State v. J.I. Case Company
Decision Date | 26 May 1933 |
Docket Number | 29,347 |
Parties | STATE v. J.I. CASE COMPANY |
Court | Minnesota Supreme Court |
Proceeding by the state in the district court for Kandiyohi county for the collection of delinquent personal property taxes assessed against defendant for the year 1930. The state demurred to defendant's answer to the citation, the demurrer was sustained, Harold Baker, Judge, and defendant appealed. Reversed.
Taxation -- possession and ownership of property -- one to whom taxable.
Defendant sold to a dealer under a conditional sale contract farm machinery and implements which on the taxing day were in the dealer's possession for sale. It is held that such property was not taxable to the defendant under the circumstances stated in the record and that the state's demurrer to the answer to the citation should not have been sustained.
Hosp Gibson & Vesely, for appellant.
Charles A. Swenson, County Attorney, for the state.
Proceedings in Kandiyohi county for the collection of personal property taxes assessed against the defendant. The defendant answered the citation. The state demurred to the answer. The demurrer was sustained, and the defendant appeals.
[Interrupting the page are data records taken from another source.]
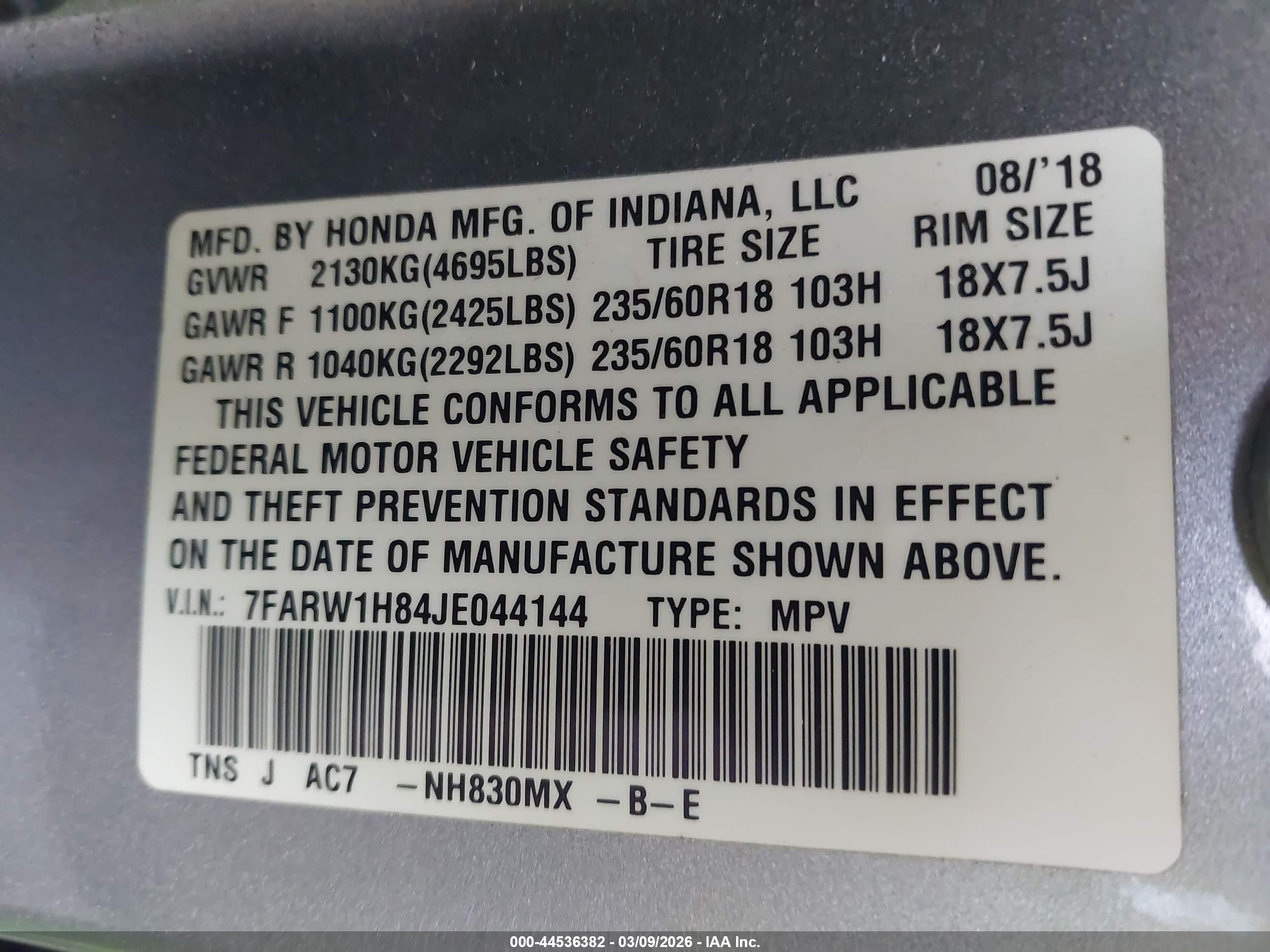 HONDA CR-V image 9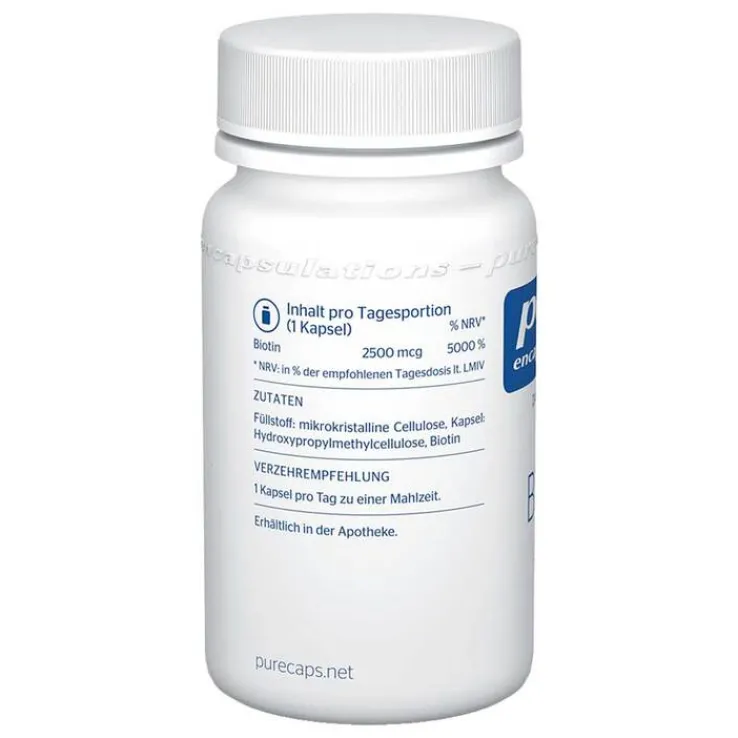 Pure Encapsulations Biotin 2,5 mg Kapseln, 60 St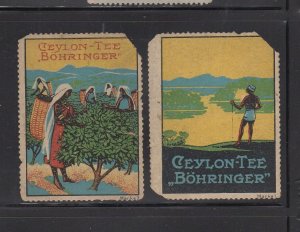 German Advertising Stamps - Ceylon Tea Böhringer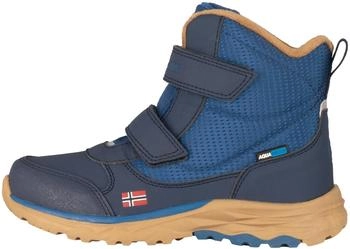 Trollkids Kids Hafjell Winter Boots nordic blue/bronze/mystic blue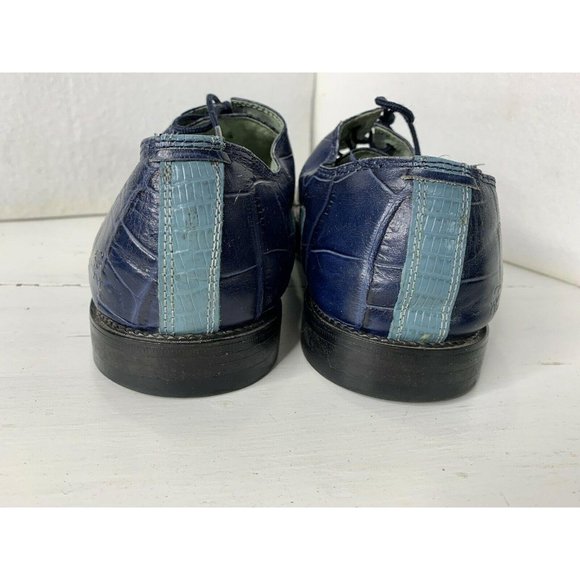 Stacy Adams Blue Snake Skin Oxford 10 M Men\'s Shoe main image 4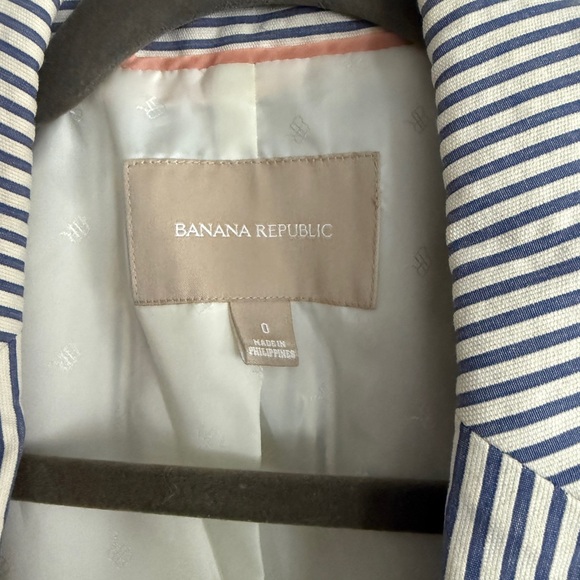 NWOT Banana Republic Seersucker Blazer - Picture 5 of 6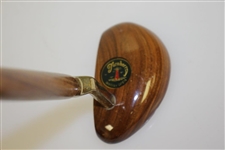 Turnberry British Open Woodie Putter by Golf Design - Very Good Condition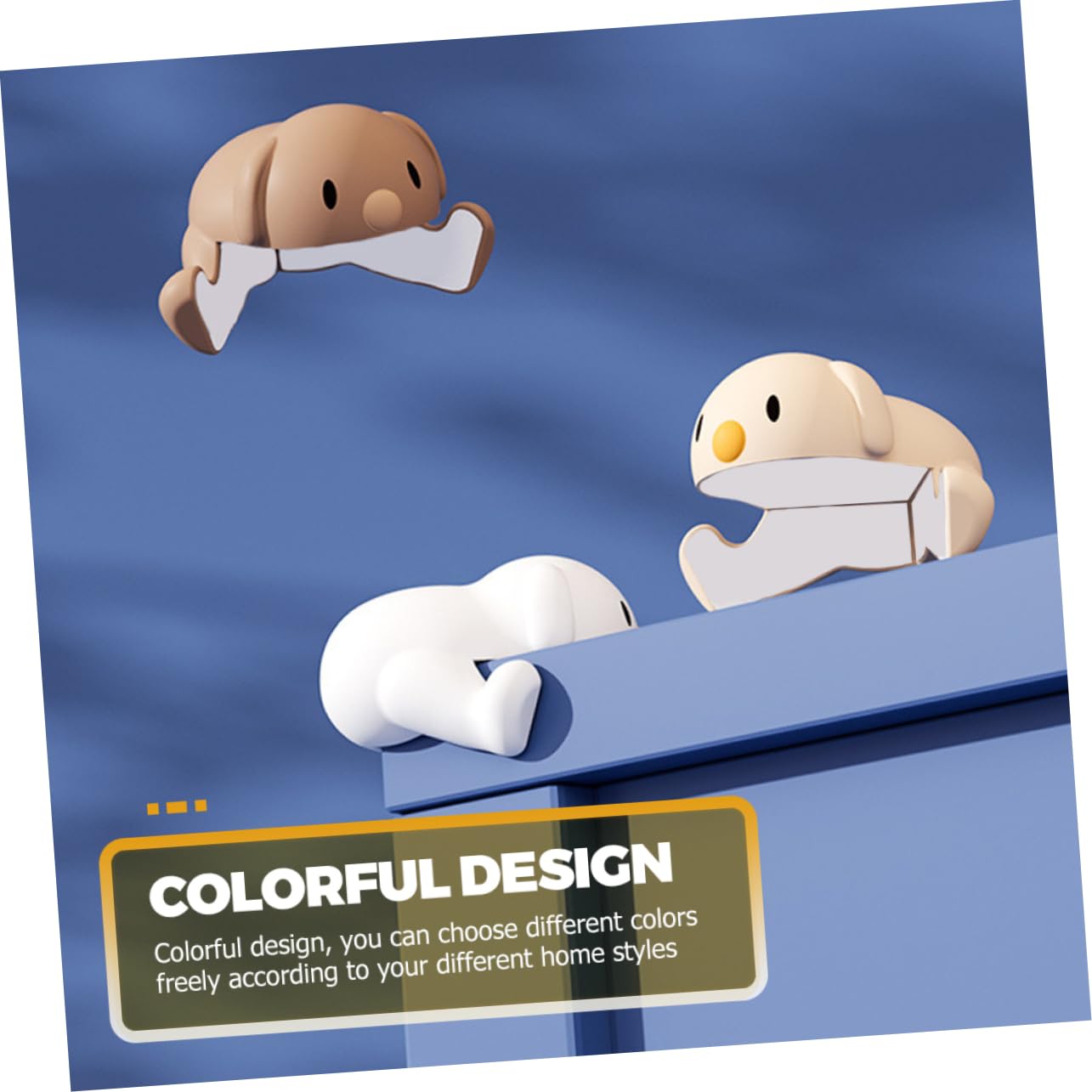 ibasenice 24 Pièces Coin Anti-Collision pour Enfants Coussin d'angle De Sécurité Protecteurs De Meubles Protège-Coins à L'épreuve des Bébés Dessin Animé De Bébé Gel De Silice Bord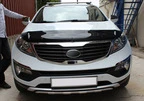 Дефлектор капота (EuroCap) для Kia Sportage 2010-2015 рр - 3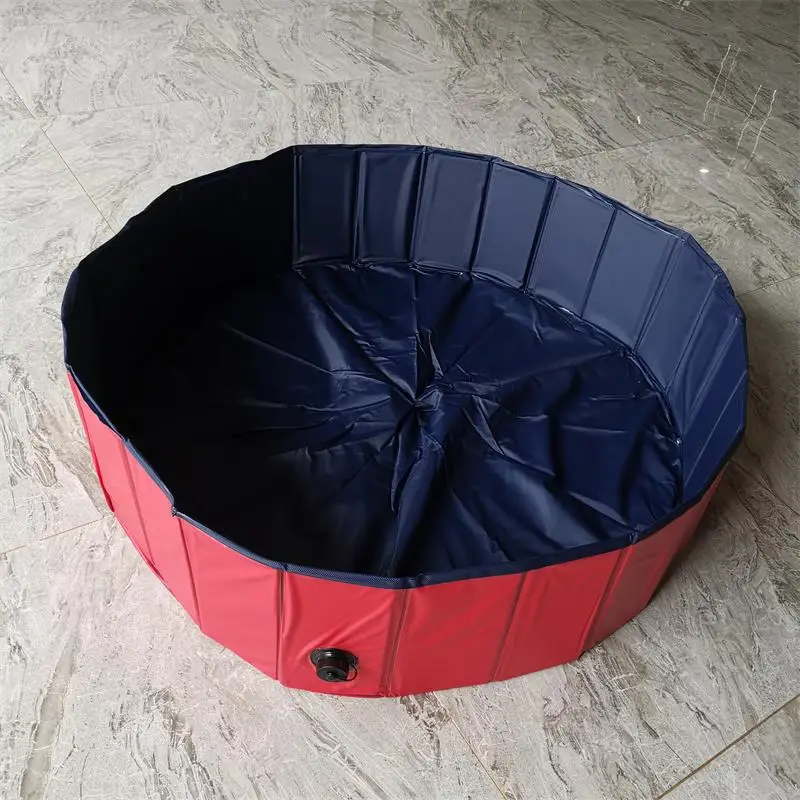 
PVC Foldable Dog Pet Bath Pool Collapsible Dog Pet Pool Bathing Tub Kiddie Pool for Dogs Cats and Kids 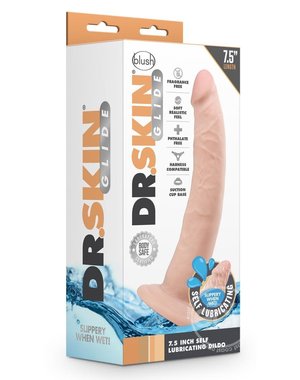 BLUSH NOVELTIES Dr. Skin Glide Self Lubricating Dildo 7.5in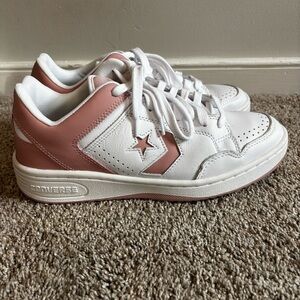 Converse Weapon star-detail sneakers White and Pink Women’s Size 10.5 Men’s 9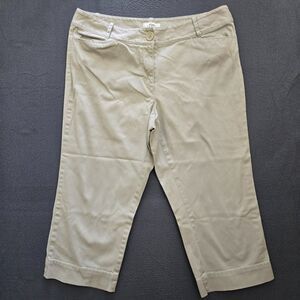 Ann Taylor LOFT Petites Women 10P Beige Chino Capri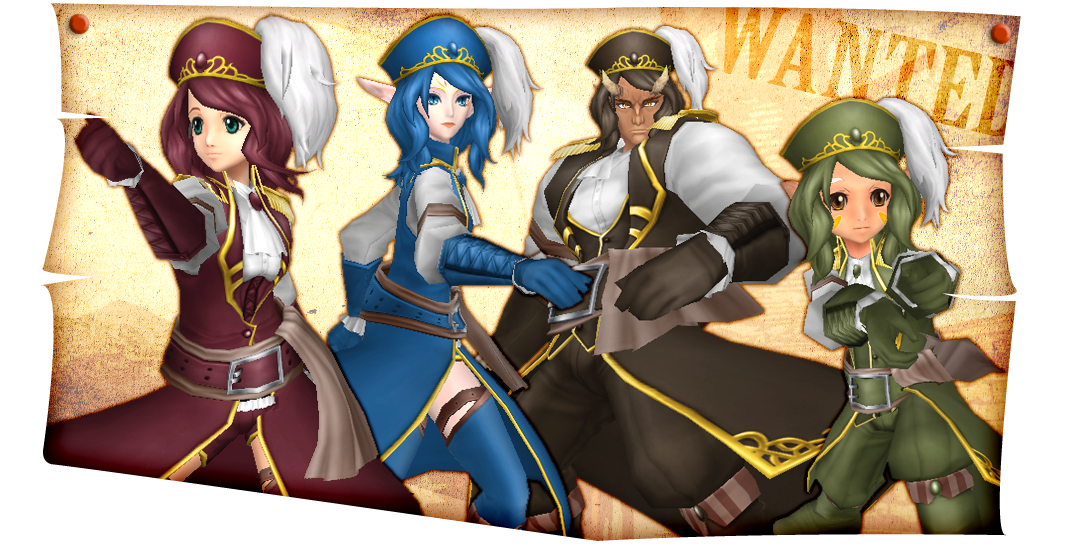 Master Of Epic パイレーツキャプテン装備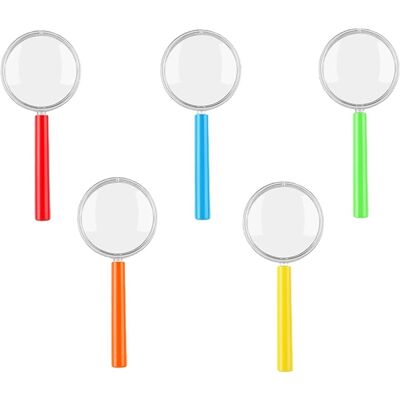 OEM Set Di 5 Lenti D'Ingrandimento Per Bambini, Mini Lenti D'Ingrandimento, Giocattolo, In Plastica, Lente D'Ingrandimento Portatile, Perfette Per Compleanni Di Bambini, Regali Per La Casa, La Scuola, Att OEM Set Di 5 Lenti D'Ingrandimento Per Bambini, Mini Lenti D'Ingrandimento, Giocattolo, In Plastica, Lente D'Ingrandimento Portatile, Perfette Per Compleanni Di Bambini, Regali Per La Casa, La Scuola, Att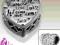 * Koralik Modułowy do Pandora Love 925 Swarovski *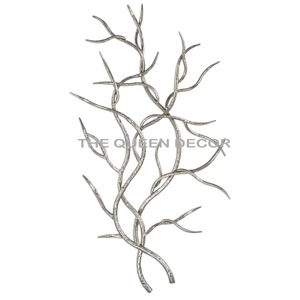 Décoration murale créative en métal argenté de style américain, vente directe d'usine, taille personnalisable, accessoires de suspension murale - Product Image 2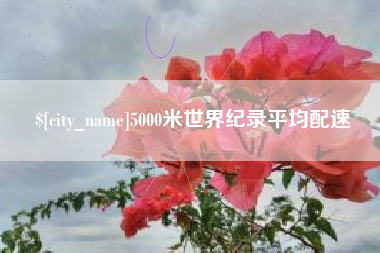 周口5000米世界纪录平均配速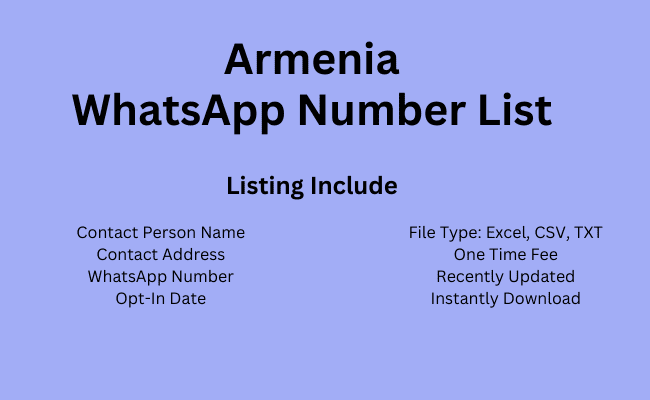 Armenia whatsapp number list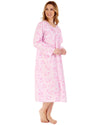 Slenderella Womens 45" Woven Long Sleeve Nightdress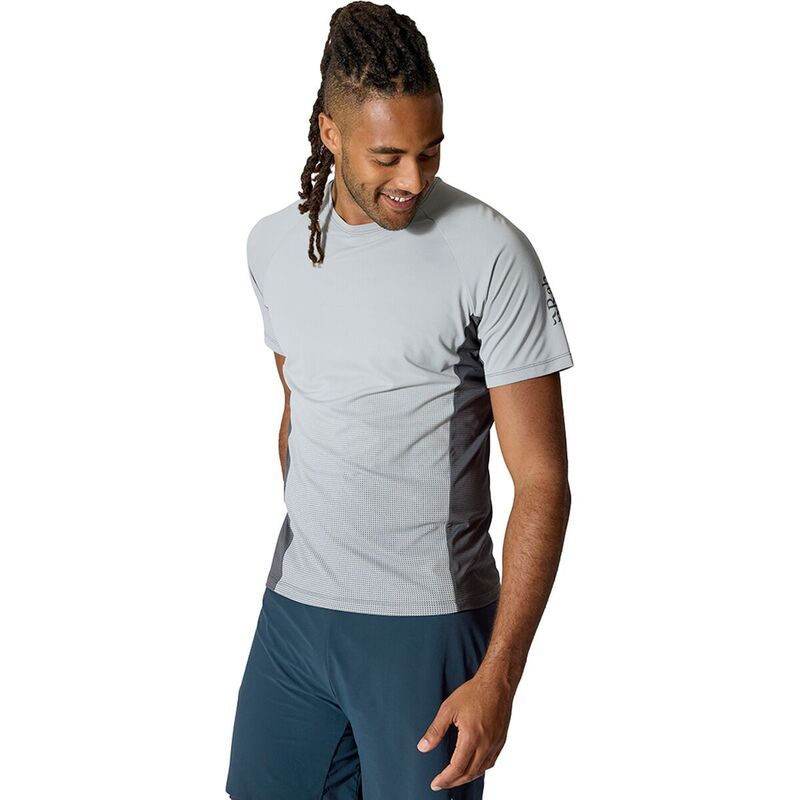 ラブ メンズ トップス Tシャツ Rab Trail TShirt Mens Dark PewtwerGraphene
The defendant is a corporation having its principal place of business in Minneapolis. It deals in farm machinery and implements. The Tolen Implement Company does business in the village of Raymond in Kandiyohi county. During 1930 it was the authorized dealer of defendant for the sale and distribution of its farming implements and machinery under a contract the important part of which is as follows:
The contract was filed in the office of the register of deeds of Kandiyohi county. See 2 Mason Minn. St. 1927, § 8360. The question is whether the property covered by the contract was taxable to the defendant in Kandiyohi county on May 1, 1930. The first day of May is the assessing day, and the property assessed to the defendant was then in the possession of the Tolen Implement Company at Raymond. It remained in its possession until sold on June 12 following.
The contract is within the class commonly designated conditional sale contracts. It may be in some respects peculiar. It contemplated that the vendee would resell and that the defendant would have the security which might come on resale.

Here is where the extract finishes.